Nippon Steel is poised to invest billions in Gary Works. There are groundbreakings and major job announcements, recent economic development wins, new money to revitalize downtown. The train to Chicago goes faster. Crime is down.

“Gary has a lot to prove,” Melton told IndyStar on our recent reporting tour stop in Lake County. “We got a lot to prove to ourselves, but more importantly to everybody that has counted us out.”

There’s been a longstanding disconnect between Lake County, where Gary is one of the largest cities, and its political leaders in Indianapolis, a divide that Melton says he’s uniquely positioned to bridge.

It’s not just that he and his neighbors cheer the Chicago Bulls instead of the Indiana Pacers. Melton said he can’t tiptoe around the history of racism and past local mismanagement that he believes have held Gary and the surrounding area back in past decades.

“That’s the past, right,” said Melton, a former state senator who took office as mayor in 2024. “Those are the things that we’re recovering from and trying to overcome.”

Things are already much improved from his first year as a state senator in 2017, when the state took control of Gary Community School Corp., which he attended as a child. That was “the hardest thing in my life” to deal with, Melton said.

By the end of his tenure in 2023, he was helping Gary secure new investments including casino tax revenue and millions to build a new train station. The schools came back under local control last year.

“My experience down there helped me to be prepared for right now in this moment,” said Melton. “(Leading) a predominantly Black city in a predominantly Democratic county in a predominantly Republican legislature. I know how to navigate those waters. I’m not saying I’ve mastered it, but I know it has allowed us to get further down the road. … Why wouldn’t you want to turn around one of America’s iconic cities? Who loses?”

When it comes to feeling isolated from Indianapolis, Gary isn’t alone. That sentiment is felt across Lake County and the rest of The Region, several residents told us, a consequence of being politically and culturally distinct from the rest of the state, not to mention operating in a different time zone.

While much of Indiana is barn-red, Lake County overall is light blue or purple, though the area trended more Republican in the 2024 presidential election, with President Donald Trump gaining ground compared to 2020.

Ivan Ursery II, a Gary resident who identifies as a Black conservative, said the Democrat-Republican divide isn’t as pronounced in The Region compared to other parts of the state.

“It’s not a red-blue (thing) up here,” Ursery said. “It’s like, what you going to do for this area, you know?”

That’s part of why Ursery mostly approves of Melton’s job performance, even while critiquing other local “same old” Democrats who stay in office but don’t seem to accomplish much.

“I’ve been back 15 years now and it’s the same thing,” Ursery said. “Stuff doesn’t get done. … Stuff is getting done now. I respect him for that.”

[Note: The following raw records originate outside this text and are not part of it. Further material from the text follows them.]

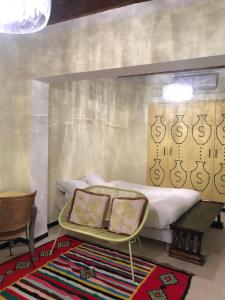 a bedroom with a bed and a table with two pillows at Dar Aron Tozeur in Tozeur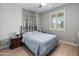 Comfortable bedroom with a full sized bed, plantation shutters, and laminate wood flooring at 12236 W Country Club Ct, Sun City, AZ 85373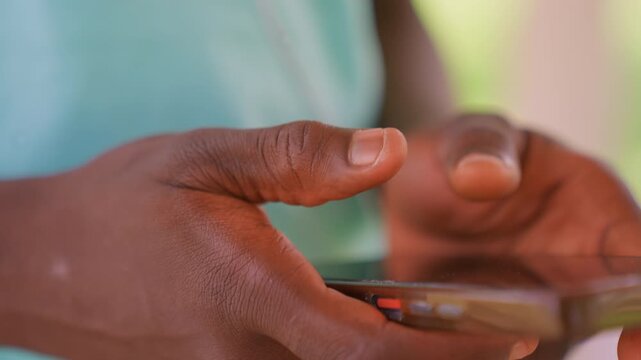 Close up view of hands interacting with mobile device focusing on skin texture and finger movement. subject fingers press or swipe touchscreen while holding phone emphasizing tactile detail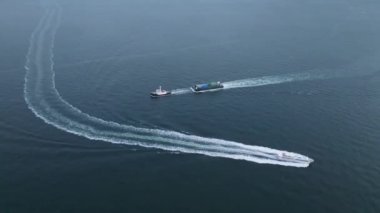 High-speed ferry passing slow tug and barge in calm open water. High quality 4k footage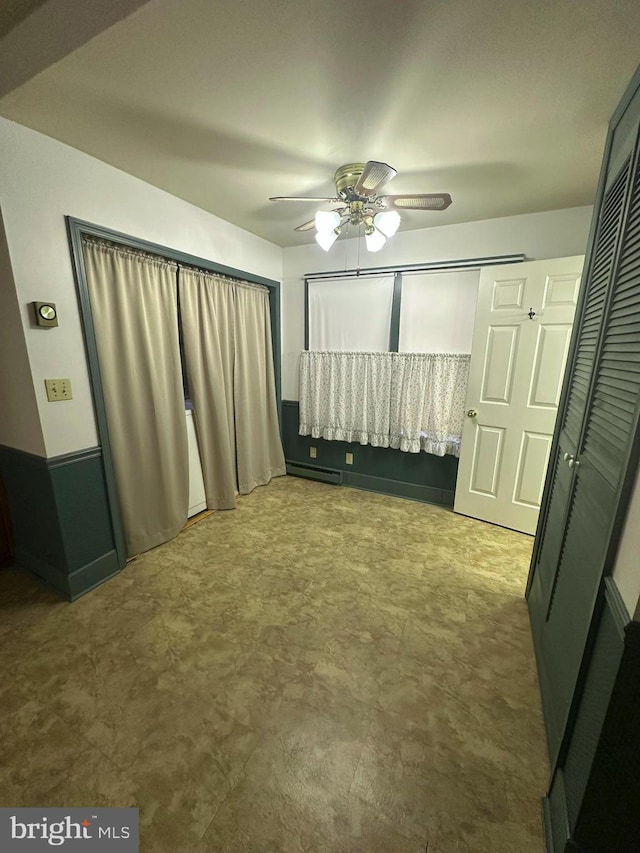 unfurnished bedroom featuring ceiling fan and a baseboard heating unit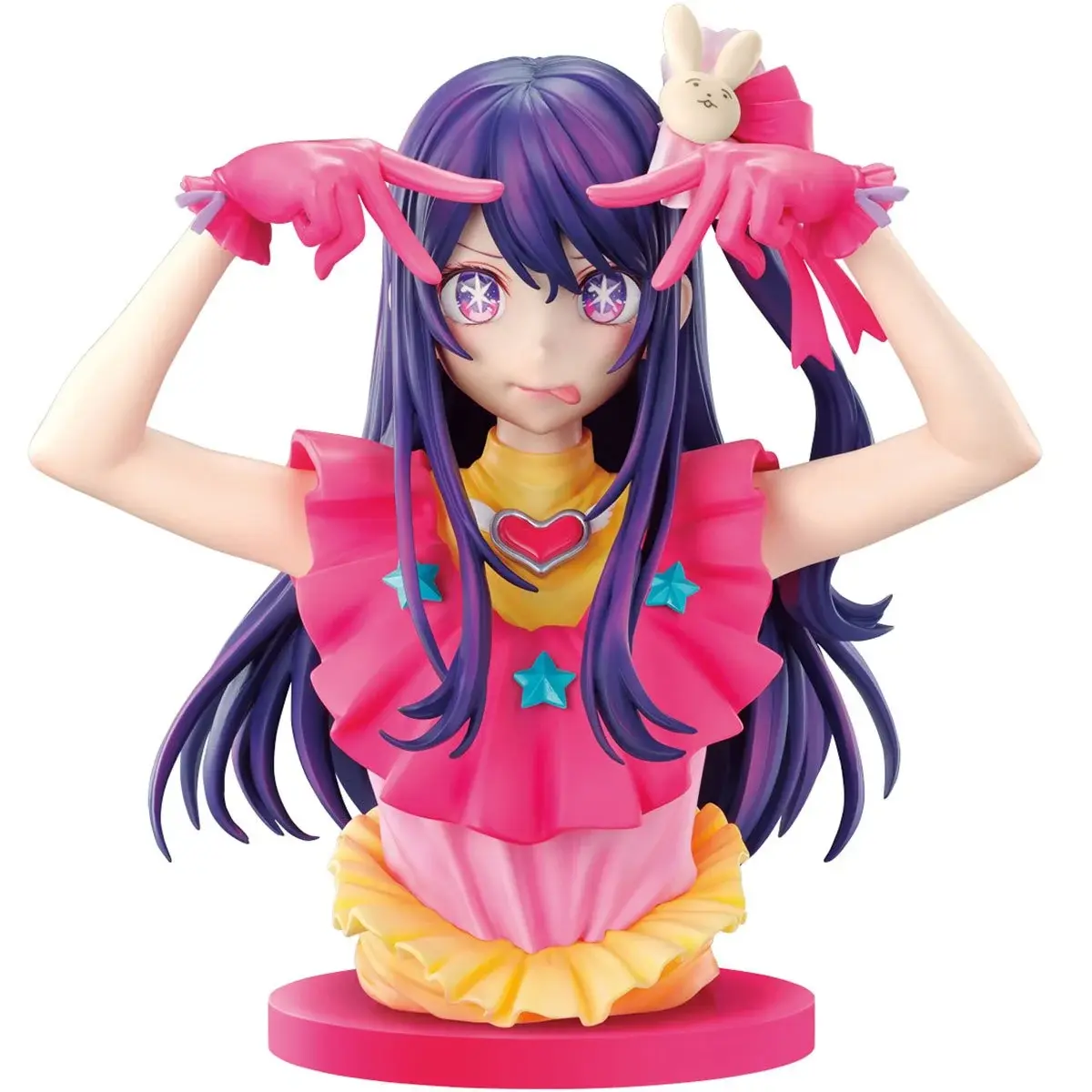 Anime figure with purple hair and gesture hands. Pink outfit and stars. 
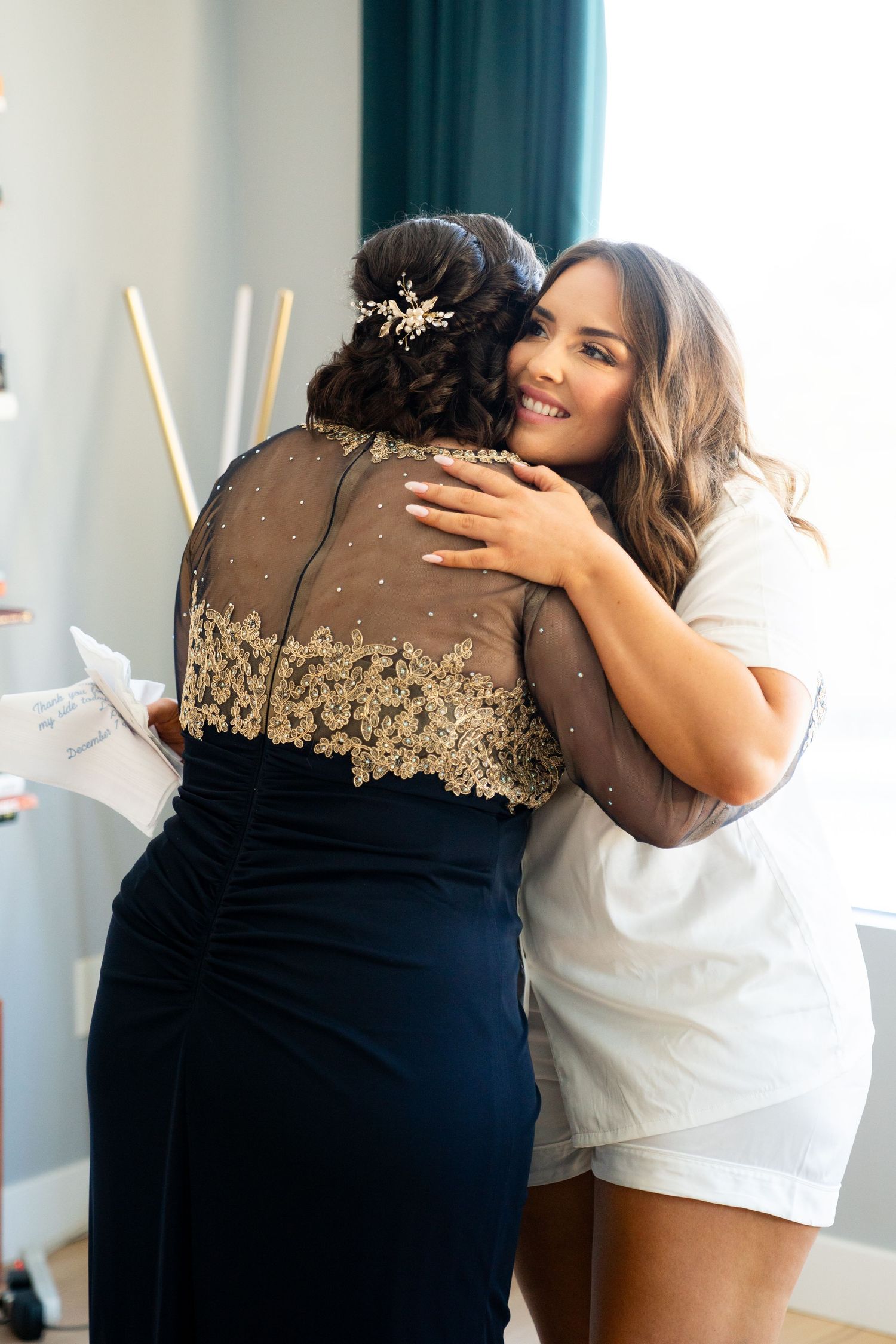 Two women share an emotional embrace, one wearing a navy dress with gold lace detail and the other in white.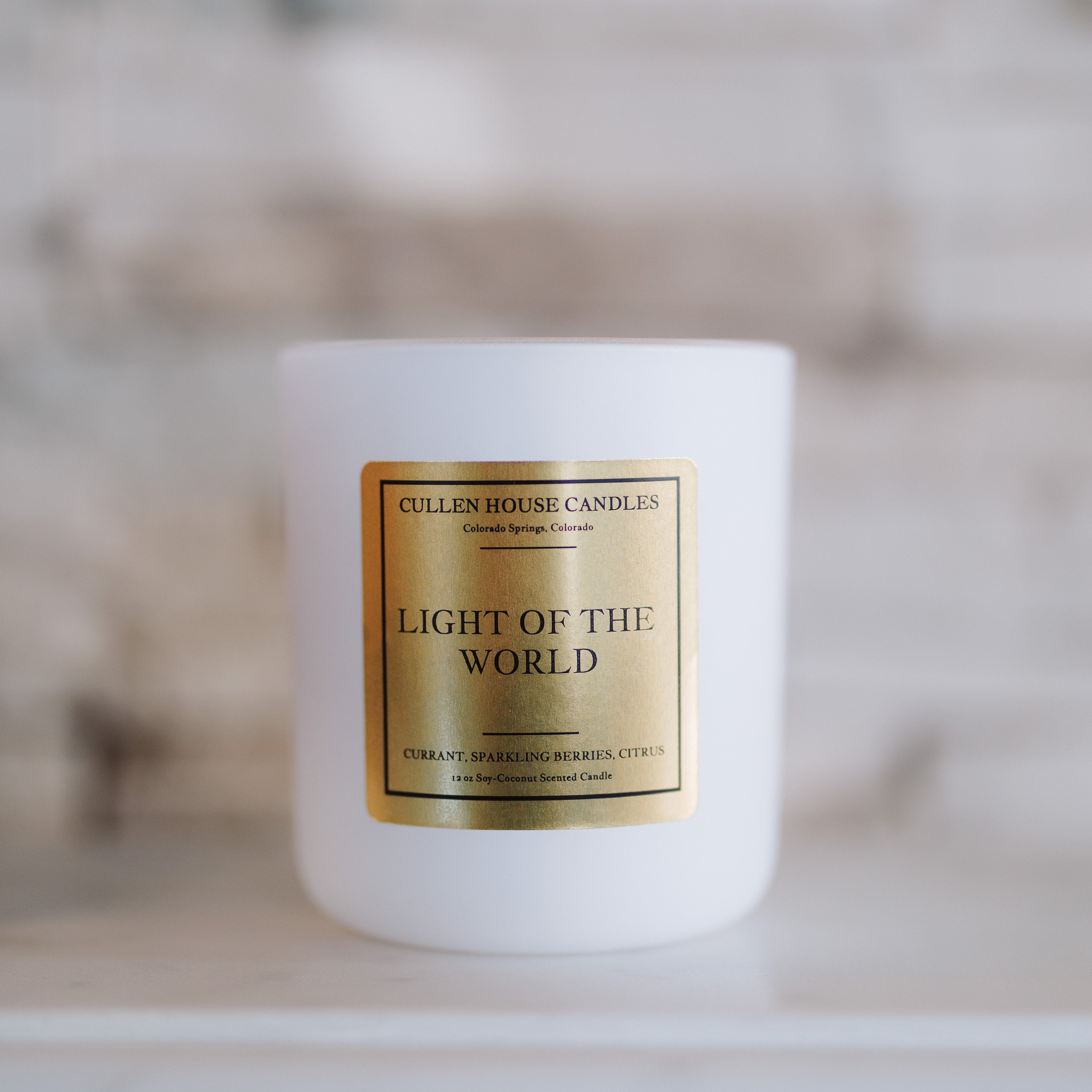 Candle with a gold label on a white surface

Several cities in the area are split almost 50-50 between Democrats and Republicans. In Hobart, for example, the votes for Democrat Kamala Harris and Trump were almost exactly evenly divided in 2024. The same was true in nearby Highland.

“I’d say a lot of us are either just right of center or just left of center,” said Hobart Mayor Josh Huddlestun, a Democratic mayor who describes himself as the “most unpolitical politician in the world.”

There are people on the extremes, he said, but it’s more evident on the internet, not in real life.

“I could go into a restaurant or whatever and and have a beer with somebody and and they could be far-right,” Huddlestun said. “They can even be wearing a Trump shirt. And I don’t think there’s any issue. … They know that we’re both good souls. When you leave there and you go on social media, that’s where the divide is.”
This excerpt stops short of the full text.